Social media is not just for sharing your content. It’s for helping your customers and your prospects, too. Leave a space on your reports for how often your customer service team is active on social media, too. It’ll help offset some of your social media costs.

  1. Direct messages sent.

With the rise of Facebook Messenger, Instagram Direct and Twitter’s Direct Messages, it’s possible to send personalized, timed, direct messages to your followers. And many marketing automation services let you do just that.

The engagement rates for these direct messages can be very high (up to 20%). They can drive leads and traffic and even sales. So why not track them… and see if there might yet be a way to squeeze more results from your audiences? 

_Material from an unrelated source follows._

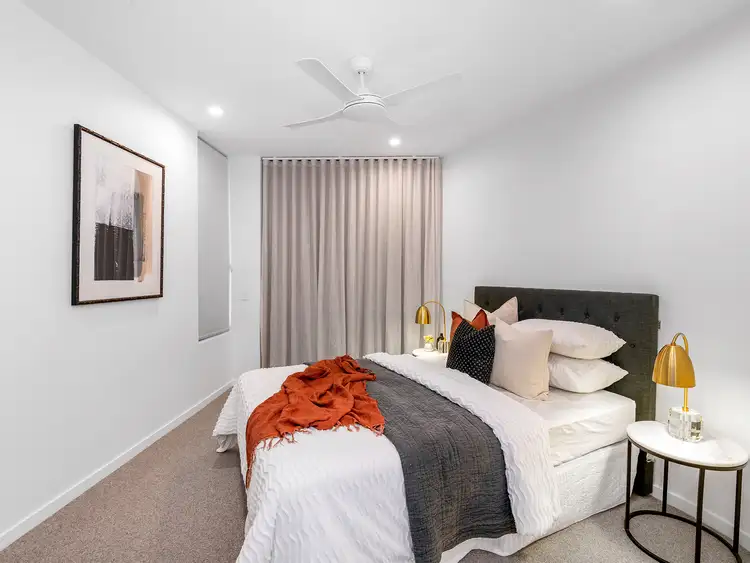 Third view of Homely apartment listing, 601/162 Castlebar Street, Kangaroo Point QLD 4169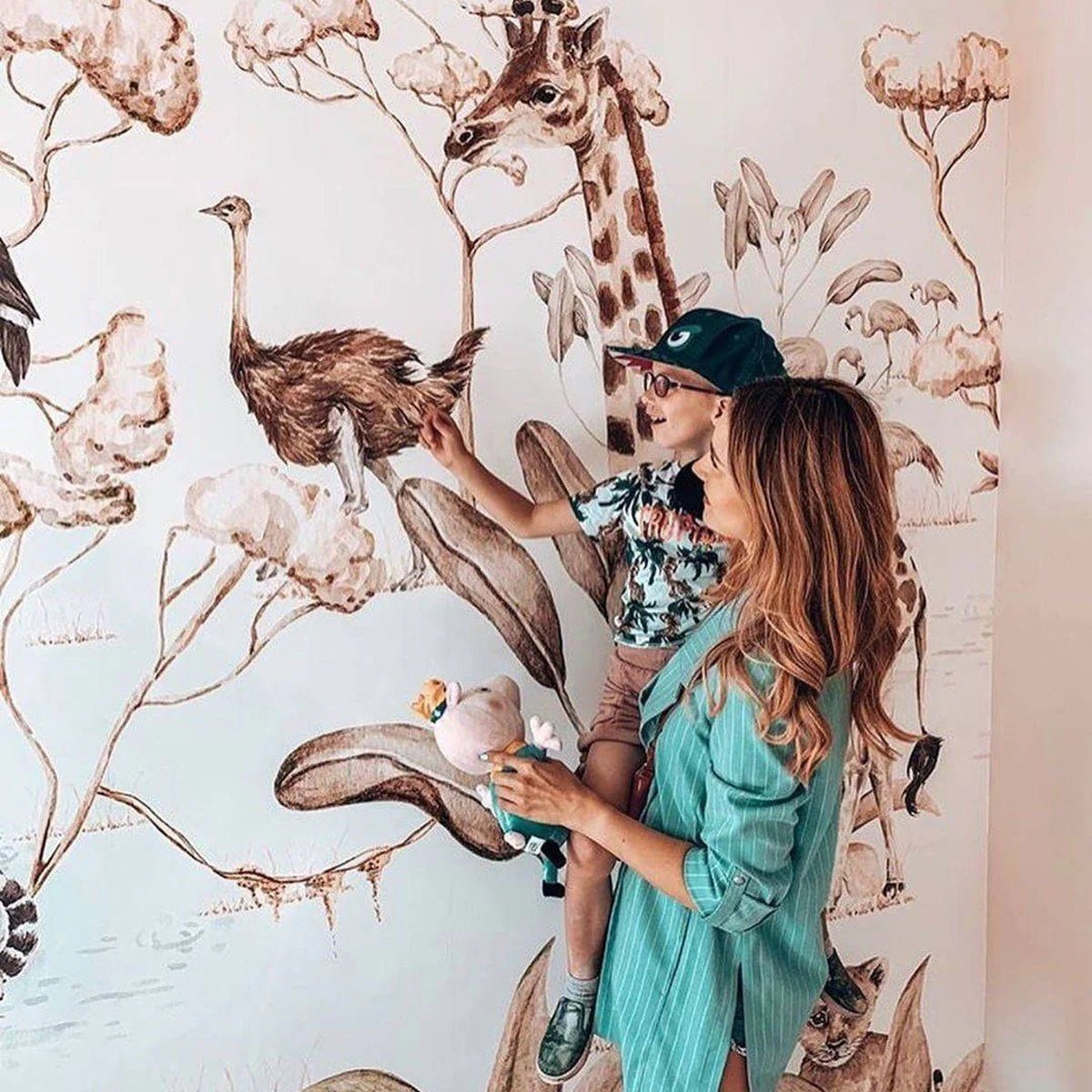 Wallpaper - Savanna - Le Petit Marché Home Furniture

This metric may become more and more important as content shock continues to erode organic reach and engagement on social media. Besides, social networking apps get a massive amount of traffic in their own right. 

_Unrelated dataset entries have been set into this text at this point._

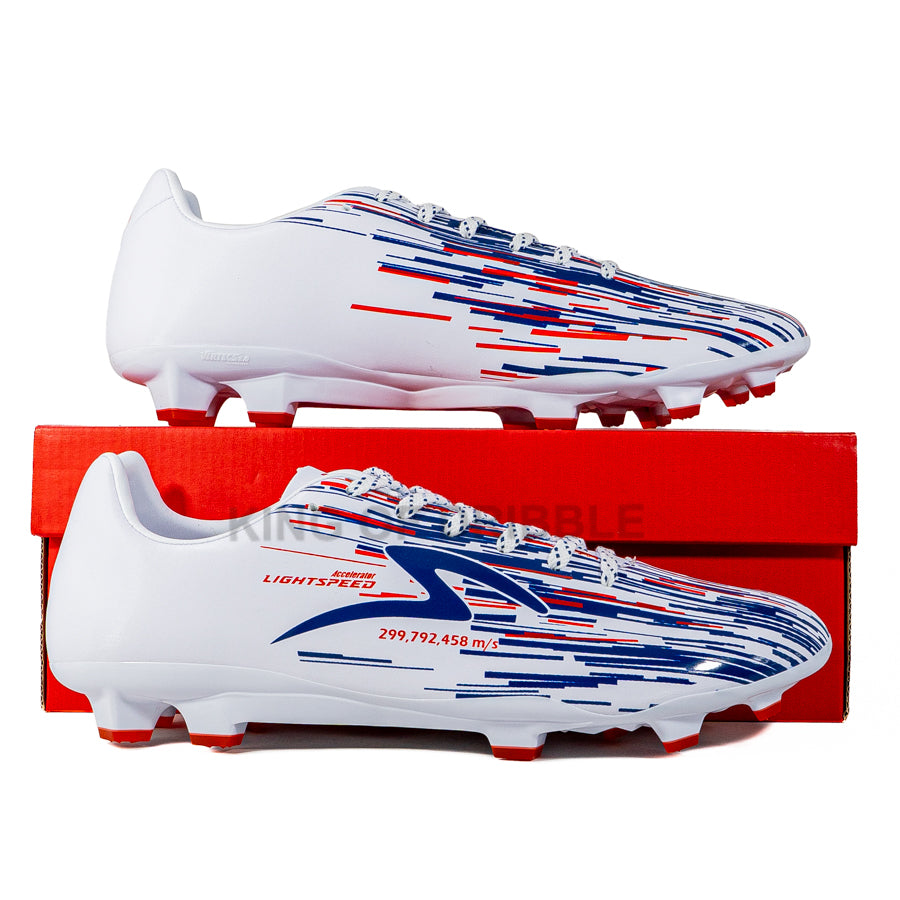 KING OF DRIBBLE Sepatu Bola Specs Lightspeed Reborn FG 1010701 Original
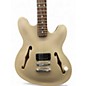 Used Fender Tom DeLonge Starcaster  Gold Hollow Body Electric Guitar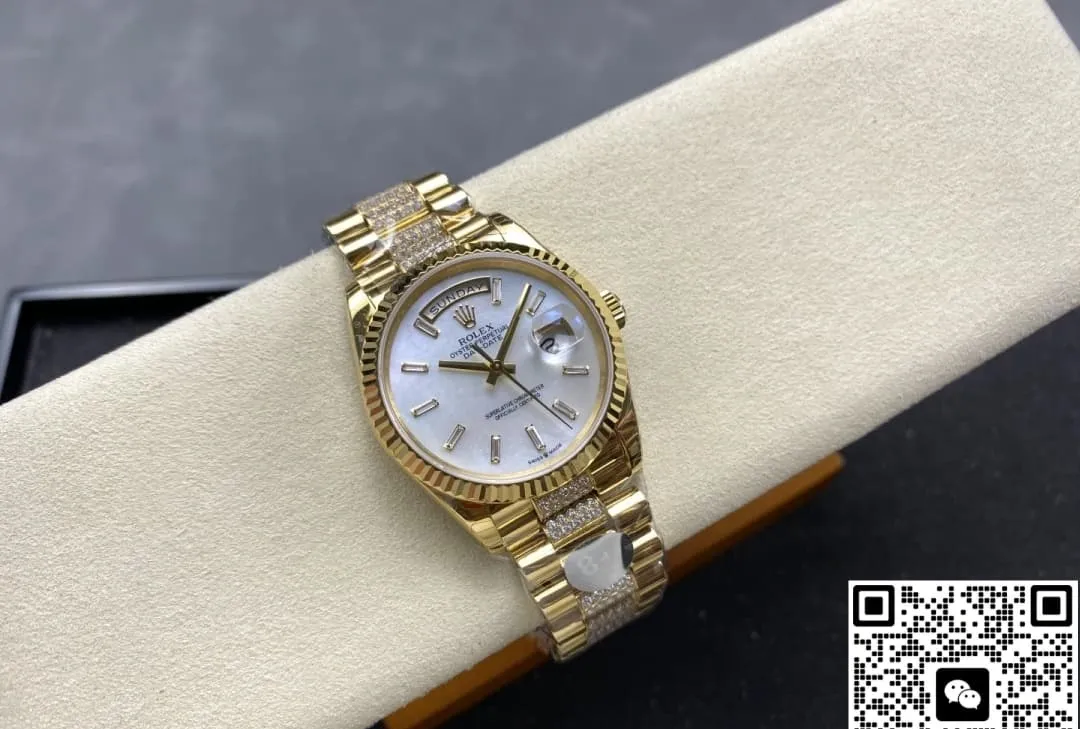 8+ Factory Rolex Day-Date m128238-0124 1:1 Best Edition Replica Watch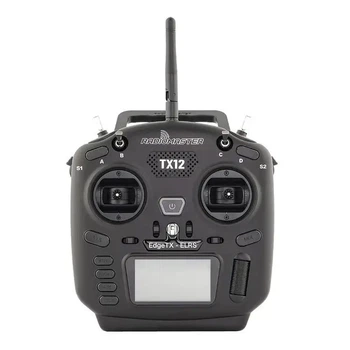Пульт управления компактный для FPV дронов квадрокоптеров RadioMaster TX12 MKII TX12-MKII-ELRS M.2 (TX12_MK2)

Messaging apps vs social media networks

  1. Likes.

This is a classic, basic metric to measure for any piece of content. It may not mean too much at the end of the day, but it’s still worth tracking.

  1. Comments.

Comments are a bit more valueable than likes – they take more effort from your audience. They can also lend insights into what your audience really responds to, and how they respond to it. 

  1. Shares.

Ah… the sacred share. Most people don’t actually share too much about brands (few brands can compete with baby pictures, for example), so while these may not directly result in ROI, they’re something most marketers would like to increase.

  1. Clicks.

This is the content-level version of traffic generated. You’ll probably be measuring this in teaspoons at the content level, but it’s still worthwhile.

  1. Conversions.

Hey – they can happen at a content level! And if they do, they’ll give you valuable data on which type of posts to post more often.

The chart below from Smart Insights will give you an idea of general conversion rates for some social media platforms, and how they compare to other channels.

Conversion rates by referrer

Final Thoughts

Social media metrics are not one-size fits all. So instead of trying to track all of them, think of them more as a toolbox. You’ve got access to that toolbox at any time, but that doesn’t mean you should be using every tool for every report.

Minimalism is hard to achieve with metrics, but it’s a discipline that could serve you well. Especially when you consider that most human brains really can’t hold more than seven things in their mind at once.

That actually might be one way to trim down some reports. Which seven things does each team member need to know? Do they need to know a different set of seven things for different tasks?

If you’re not sure, ask. Reporting done without inputs from people is as unhelpful as reporting done without inputs from technology.